Preschoolers ages 2 to 5 saw an average of 582 snack ads on TV in 2014, an increase of 18% since 2010, researchers found. Children ages 6 to 11 saw 629 snack ads, an increase of 10%, and and teens ages 12 to 17 saw 635 snack ads, an increase of 29%. Adults also saw their share of snack ads: 793 in 2014, a 32% increase since 2010.
Although snacks ads online were much less prevalent than on TV, big food companies placed millions of ads on Facebook and YouTube in 2014.
Researchers focused on the 43 companies -- including General Mills, PepsiCo and Kellogg Company -- that spent at least $1 million advertising snack food brands.
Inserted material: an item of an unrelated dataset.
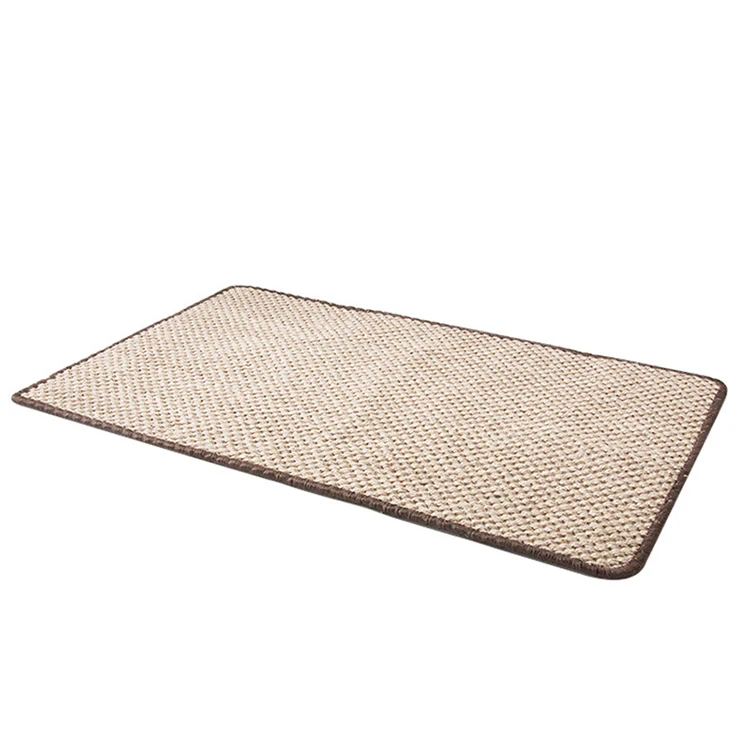 

Sisal Cat Scratch Pad Scratching Pad With Adhesive Hook Tape Cats Wall Scratcher Carpet Mat Cat Scratch Pad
The researchers analyzed Nielsen syndicated data to calculate exposure to TV advertising in 2010 and 2014 and comScore syndicated data to calculate advertising viewed on websites in 2014.
What companies are selling
Advertising for healthy snacks did not get a big piece of the pie. The majority of snack ads that preschoolers, children and teens saw were for sweet snacks and savory snacks, and only about a quarter of these snacks were considered healthy by the USDA Smart Snacks standards. These standards are based on levels of calories, sodium, fats and sugar in the snack and determine which snacks can be sold in schools.
For some of the age groups, advertising of unhealthy snacks increased from 2010 to 2014: Marketing of savory snacks to children increased by 23% and advertising of sweet snacks to teens increased by 17%.
Meanwhile, from 2010 to 2014, exposure to advertising of yogurt products, nearly all of which are considered healthy based on the USDA Smart Snacks standards, did not change.
The number of ads for fruits increased between 3.5 and 6 times to the different age groups and the number of ads for nuts nearly doubled. But even after the increase, marketing for fruits and nuts represented only about 5% of all snack ads.
"It's hard to translate the number of advertisements to actual consumption, but if you just look at the imbalance (between healthy and unhealthy snacks) it would suggest that advertising is probably not increasing children's fruit and nut consumption," said Jennifer L. Harris, director of marketing initiatives at the University of Connecticut's Rudd Center.